Wavelength can be easily measured by finding the distance between two adjacent crests or trough. Crests are the point in the wave cycle with maximum displacement from equilibrium. And troughs are the point of minimum displacement. In a wave cycle both will have equal magnitude but have opposite signs since the direction is different.

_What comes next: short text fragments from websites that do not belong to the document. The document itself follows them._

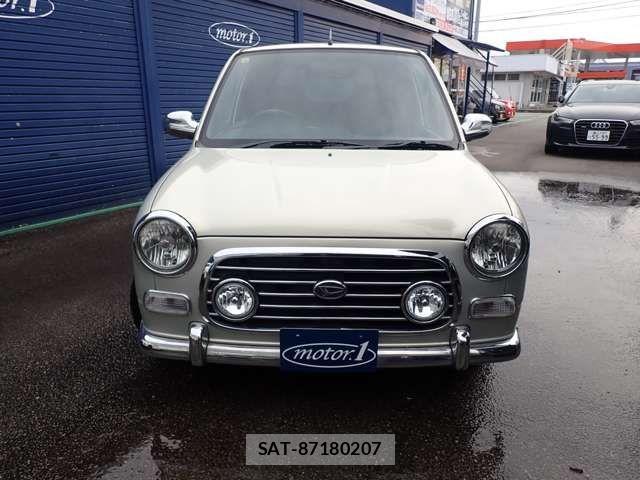 Daihatsu MIRAGINO 2002-01 3379930-1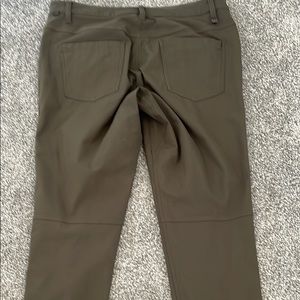 30” W 30” L ABC Lululemon Pants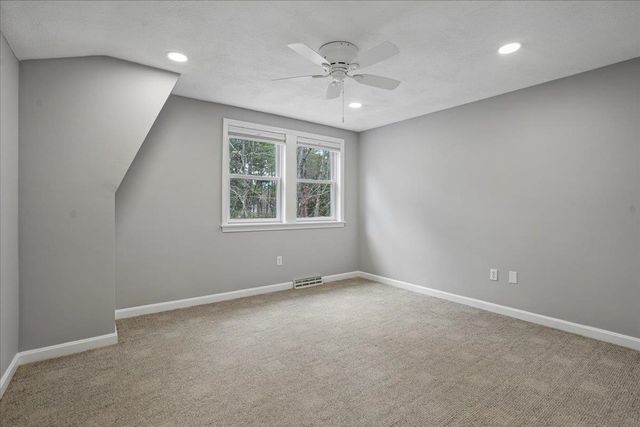 20 French Court, Merrimack, NH 03054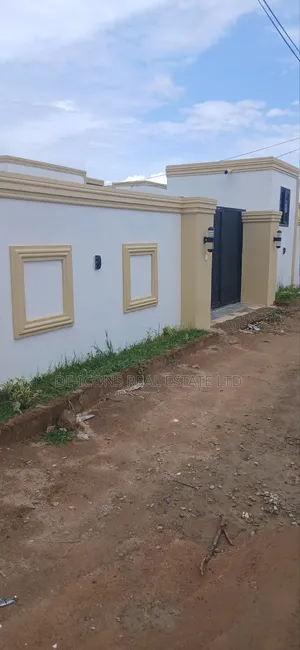 4bdrm Mansion in De-Icons Real Estate, Awutu Senya East Municipal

It can also be measured as a distance between a point and corresponding point on the next wave cycle (like CD from the figure).

Here in the figure we can see that the length AD represents one wavelength.

Frequency denotes the number of wave cycles in one second.

Frequency is calculated by $\dfrac{1}{T}$ where $T$ is the time period of the wave that is the time required to complete one wave cycle.

As we know all electromagnetic waves travel with a speed of $3 \times {10^8}$ m/s

$c = \dfrac{\lambda }{T}$
$c = \lambda \times \nu $

Substituting $c = 3 \times {10^8}$ m/s and $\lambda = 4000 \times {10^{ - 10}}m$
$1{A^0} = {10^{ - 10}}m$
$3 \times {10^8} = 4000 \times {10^{ - 10}} \times \nu $

$\nu = \dfrac{{3 \times {{10}^8}}}{{4000 \times {{10}^{ - 10}}}} = \dfrac{3}{4} \times {10^{15}}$

$\nu = 0.75 \times {10^{15}}$
$\nu = 7.5 \times {10^{14}}$

Additional Knowledge:
The speed of a wave need not always be a constant independent of frequency and wavelength. Even in the case of light travelling through glass, we see that different wavelengths have different refractive indices, which implies different speeds. This is called dispersion. Dispersion is the reason for splitting of white light when passed through prism, formation of rainbows, acceleration of pulses in vertical strings and much more.

Note: Only electromagnetic waves travel with speed of $3 \times {10^8}$m/s. The general equation is $v = \lambda \times \nu $ where v is the speed of the wave. Here we have assumed it to be electromagnetic waves because of its very short wavelength.